How to construct default g++ include path on mac 10.8?

This post: What is the default path for OSX system include files when building a C++ application? gives me a command I can run to see what my default g++ include path is:

echo "" | gcc - -xc -v -E

When I run this, among other things, I get my default include path:

#include <...> search starts here:
/Applications/gcc471/lib/gcc/x86_64-apple-darwin12.0.0/4.7.1/include
/usr/local/include
/Applications/gcc471/include
/Applications/gcc471/lib/gcc/x86_64-apple-darwin12.0.0/4.7.1/include-fixed
/usr/include
/System/Library/Frameworks
/Library/Frameworks

However, I have no idea how this path is constructed. How do I change the order of this default path? Note, this is not $PATH (I know how to do export $PATHs in my .profile).
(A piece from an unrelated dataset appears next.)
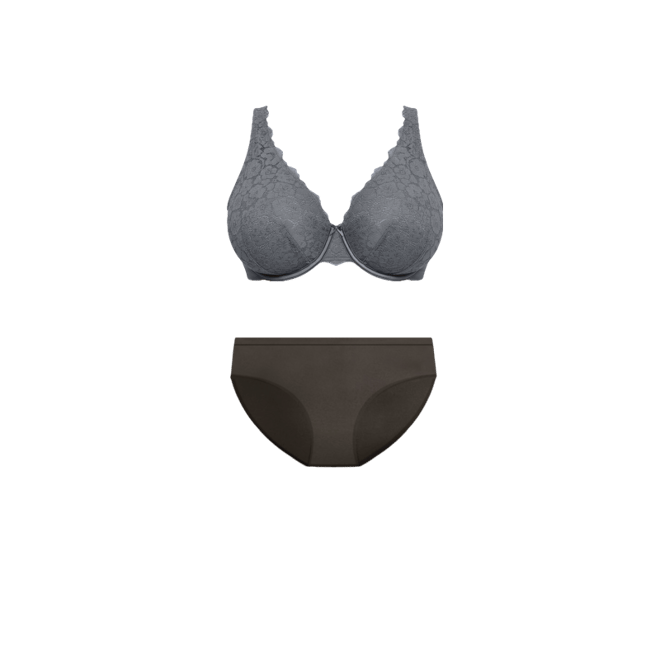 Lace Unlined Full Coverage Bra | LaneBryant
Checking /etc/paths led to a help file explaining how $PATH is actually constructed, but I want to know how this different include path (not sure if it has a system name like $INCLUDEPATH) is constructed, and how I can change its order.

Upvotes: 0

Views: 2166

Answers (1)

trojanfoe
trojanfoe

Reputation: 122381

It's kinda builtin to gcc; see gcc -dumpspecs. This article shows you how to change all that stuff, however you don't need to change it, you just add to it using the -I command line option:

e.g.:

$ gcc -I /path/to/my/fave/lib -c file.cpp

(you can use multiple -I flags on the same command line).